Pop Muzik started as a three-chord guitar strum. I tried rhythm, blues and funk versions before remembering that a friend, John Lewis, had a studio in London’s Covent Garden with very modern equipment and electronics. After we put the foundation of the track together, I wanted it to start with a big glorious fanfare, so John did the intro on an organ. Then I went back to Paris to finish it.

My brother Julian, who plays bass, and a French keyboard player called Wally Badarou popped in to play. I got Julian to lay down the bass drum and snare individually then a proper drummer came in to add some fills. I met Brigitte Vinchon, the backing vocalist, in a Paris nightclub – she was the last dancer on the floor. I asked her to sing “Pop, pop, pop muzik” like the Andrews Sisters, so she put down a four-part harmony one by one. Nothing was recorded in real time. It was all done very laboriously and sequentially. I was after that separated sound similar to Giorgio Moroder’s disco hits.

The name M came from the signs on the Paris Métro. I’d grown up watching The Man from UNCLE and loved intrigue. It was 1979 and I saw Pop Muzik as a sort of homage to 25 years of pop but also a comment on its disposable nature. “I can’t get Jumpin’ Jack / I wanna hold Get Back” were references to the Rolling Stones and the Beatles. The spelling of Muzik nods to muzak – elevator music. I sang “New York, London, Paris, Munich” because my father was a travelling perfume salesman and he had bottles that read: “London. New York. Paris.”

DJs liked the fact it was a song about pop, which helped it reach No 2 in the UK and No 1 in the US. It’s a hybrid of new wave and disco – it’s funny how something built to be quickly obsolete has become a classic. I kept in touch with Bowie and he asked: “How do you create a crossover record like that?” I’d love to think it sowed a seed for Let’s Dance.

Brian Grant, video director

I’d been a cameraman on The Muppet Show. I was friends with Animal! But after seeing Queen’s Bohemian Rhapsody, I decided I wanted to make videos.

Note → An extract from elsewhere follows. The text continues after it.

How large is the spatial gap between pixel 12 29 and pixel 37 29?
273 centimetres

A guy called Scott Millaney had the same idea, so we formed a little production company.

We had no showreel, so I went into the MCA office in London and asked: “Is there anyone on your record label who’d be up for making a video?” Robin overheard and said: “I would!” I loved the record and Robin told me it was sung from the perspective of a DJ spinning records at a nightclub, so I came up with this idea of an exaggerated turntable. We got a scenery company to make a DJ desk that looked like a vinyl record and covered it with pop culture images. Within a couple of years, videos would cost millions, but our budget was £2,500.

The studio was so small we had to film the record deck, then remove it to make room to shoot everything else. We hired two dancers – we couldn’t afford a choreographer – and the bass drum Robin plays with his foot was mine. We only had a day and editing suites were so expensive that Scott realised if we edited it we would lose money. I thought: “What if we shoot and edit it in real time?” Everyone thought I was nuts, but I did it by shooting bits of Robin singing and leaving blank bits on the tape to insert other sections. The machines were unreliable: if it had stuck on “record” we would have taped over the whole thing. It all took eight hours and one piece of tape.

A week later I got a call from David Mallet, the producer of The Kenny Everett Video Show, who’d seen it and said that if we could get a master copy to him that day he’d put it in the show. Scott leapt in his car – and Pop Muzik appeared on the show between Sid Snot and Kenny’s other crazy characters. I went on to make videos for Duran Duran, Whitney Houston and all sorts. I’ve had a long career in TV and Pop Muzik kickstarted it all. I’ve always been very fond of it.

Break the Silence, the first new M track in 41 years, is released on 23 June.